If a line in the entries below includes the string "fraternity", copy it out.

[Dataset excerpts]
BEGIN

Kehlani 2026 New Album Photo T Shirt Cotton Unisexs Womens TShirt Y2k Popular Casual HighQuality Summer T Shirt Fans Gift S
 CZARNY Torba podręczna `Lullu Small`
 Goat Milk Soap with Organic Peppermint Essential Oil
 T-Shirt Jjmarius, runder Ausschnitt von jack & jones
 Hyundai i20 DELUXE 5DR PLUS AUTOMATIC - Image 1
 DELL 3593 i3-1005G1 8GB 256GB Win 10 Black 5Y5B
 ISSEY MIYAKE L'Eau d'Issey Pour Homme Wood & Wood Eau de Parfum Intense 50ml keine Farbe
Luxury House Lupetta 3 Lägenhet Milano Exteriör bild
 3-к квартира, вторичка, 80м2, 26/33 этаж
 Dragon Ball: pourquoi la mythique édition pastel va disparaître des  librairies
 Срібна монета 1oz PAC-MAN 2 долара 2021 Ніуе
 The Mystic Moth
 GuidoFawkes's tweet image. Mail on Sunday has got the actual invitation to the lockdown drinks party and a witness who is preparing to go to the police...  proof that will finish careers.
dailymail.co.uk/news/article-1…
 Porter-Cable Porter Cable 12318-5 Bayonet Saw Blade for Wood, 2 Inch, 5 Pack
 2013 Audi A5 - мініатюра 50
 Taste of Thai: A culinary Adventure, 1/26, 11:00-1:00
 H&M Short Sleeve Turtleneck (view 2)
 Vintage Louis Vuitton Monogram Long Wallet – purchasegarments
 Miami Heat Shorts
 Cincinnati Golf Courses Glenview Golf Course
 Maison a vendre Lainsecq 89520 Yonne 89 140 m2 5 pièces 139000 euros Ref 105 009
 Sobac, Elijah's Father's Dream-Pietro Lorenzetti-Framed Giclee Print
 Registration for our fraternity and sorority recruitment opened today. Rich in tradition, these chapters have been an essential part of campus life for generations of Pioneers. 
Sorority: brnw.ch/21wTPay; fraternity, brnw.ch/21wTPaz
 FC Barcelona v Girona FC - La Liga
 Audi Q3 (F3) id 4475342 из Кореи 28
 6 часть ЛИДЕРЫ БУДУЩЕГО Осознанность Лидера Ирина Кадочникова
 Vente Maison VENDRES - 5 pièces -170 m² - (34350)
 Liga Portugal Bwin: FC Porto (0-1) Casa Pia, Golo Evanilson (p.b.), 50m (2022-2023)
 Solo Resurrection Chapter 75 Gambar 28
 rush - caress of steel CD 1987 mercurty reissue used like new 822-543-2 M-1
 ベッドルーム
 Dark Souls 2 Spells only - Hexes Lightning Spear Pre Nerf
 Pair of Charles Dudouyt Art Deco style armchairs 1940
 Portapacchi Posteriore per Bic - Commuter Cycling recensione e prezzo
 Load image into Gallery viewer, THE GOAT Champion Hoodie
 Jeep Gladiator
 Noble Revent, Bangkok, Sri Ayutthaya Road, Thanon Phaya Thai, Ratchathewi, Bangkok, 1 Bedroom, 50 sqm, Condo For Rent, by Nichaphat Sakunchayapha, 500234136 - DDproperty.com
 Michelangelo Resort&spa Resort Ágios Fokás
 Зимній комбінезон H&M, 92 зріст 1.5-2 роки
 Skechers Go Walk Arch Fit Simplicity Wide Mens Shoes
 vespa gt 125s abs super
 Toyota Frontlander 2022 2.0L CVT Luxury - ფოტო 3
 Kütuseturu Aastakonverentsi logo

END

--- RESULT FOR THIS EXERCISE ---
 Registration for our fraternity and sorority recruitment opened today. Rich in tradition, these chapters have been an essential part of campus life for generations of Pioneers. 
Sorority: brnw.ch/21wTPay; fraternity, brnw.ch/21wTPaz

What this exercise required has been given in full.